## Work task
Wherever a picture sits, omit it. Output the rest of the listing exactly.

## Data
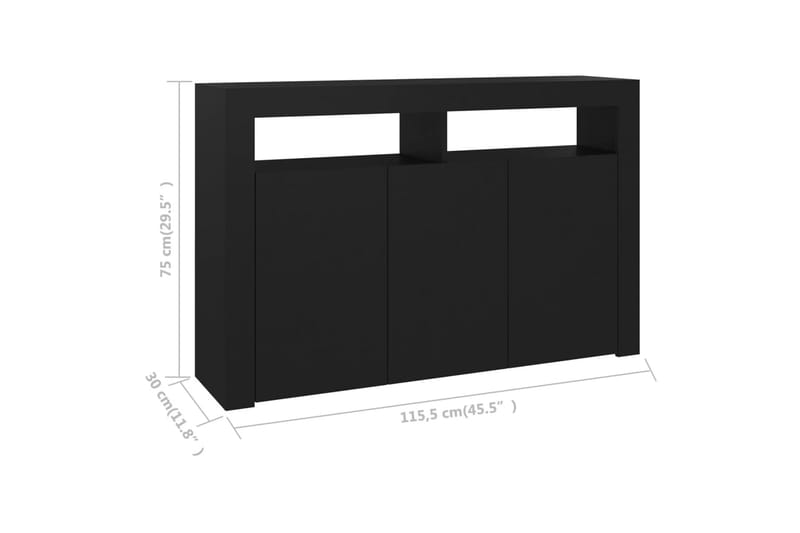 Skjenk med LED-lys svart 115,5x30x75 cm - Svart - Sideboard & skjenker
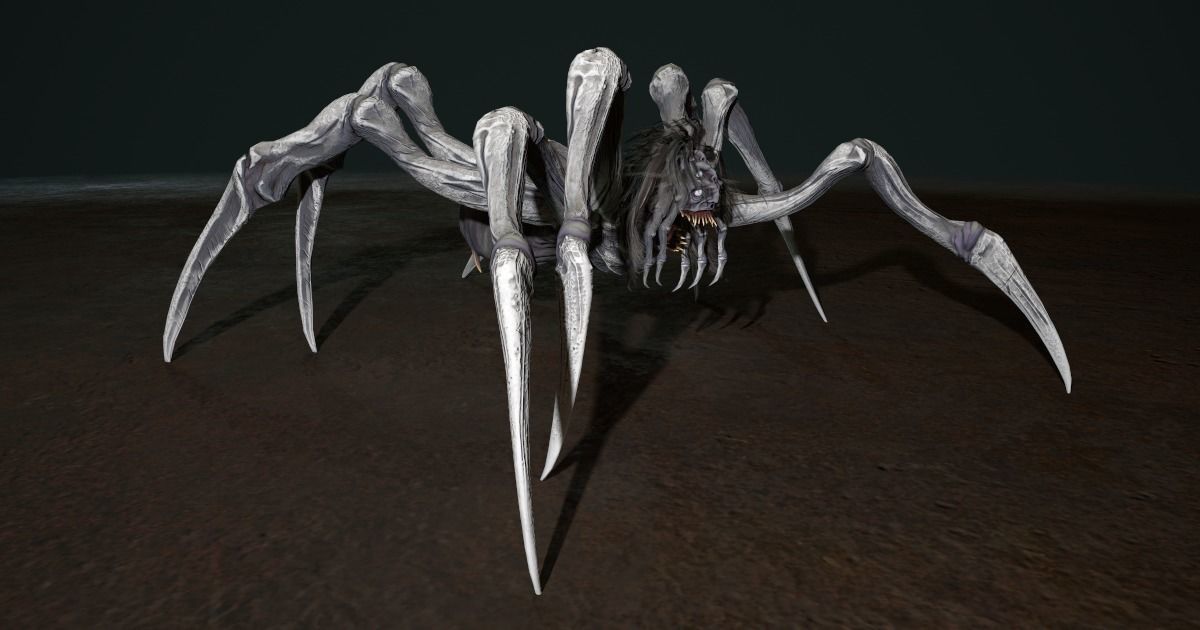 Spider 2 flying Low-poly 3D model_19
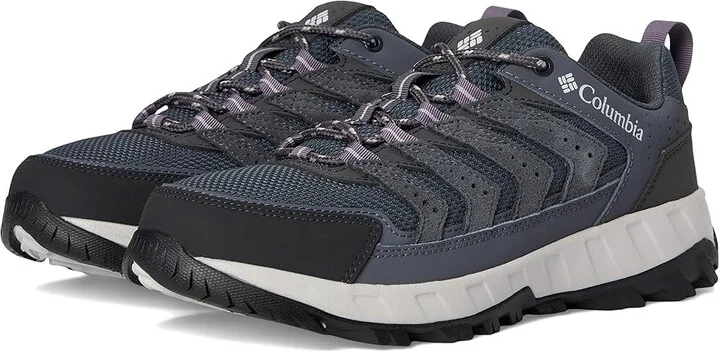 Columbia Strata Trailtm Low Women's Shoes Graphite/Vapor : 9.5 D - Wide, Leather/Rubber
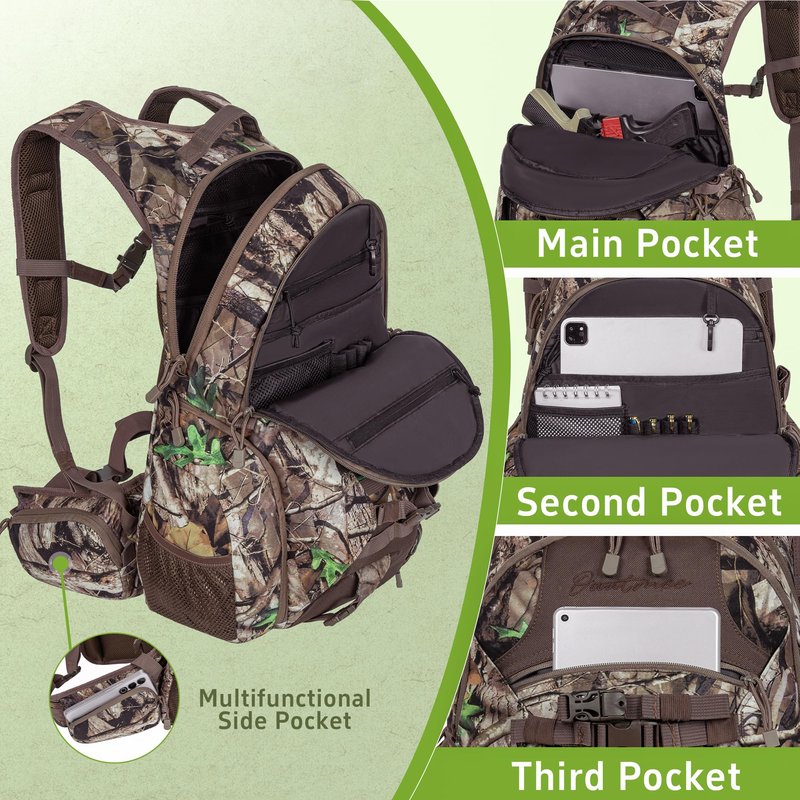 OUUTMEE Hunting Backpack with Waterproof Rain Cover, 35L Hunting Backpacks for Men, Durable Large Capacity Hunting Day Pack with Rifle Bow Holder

## Output below
 Skjenk med LED-lys svart 115,5x30x75 cm - Svart - Sideboard & skjenker
 Spider 2 flying Low-poly 3D model_19
 Columbia Strata Trailtm Low Women's Shoes Graphite/Vapor : 9.5 D - Wide, Leather/Rubber
 OUUTMEE Hunting Backpack with Waterproof Rain Cover, 35L Hunting Backpacks for Men, Durable Large Capacity Hunting Day Pack with Rifle Bow Holder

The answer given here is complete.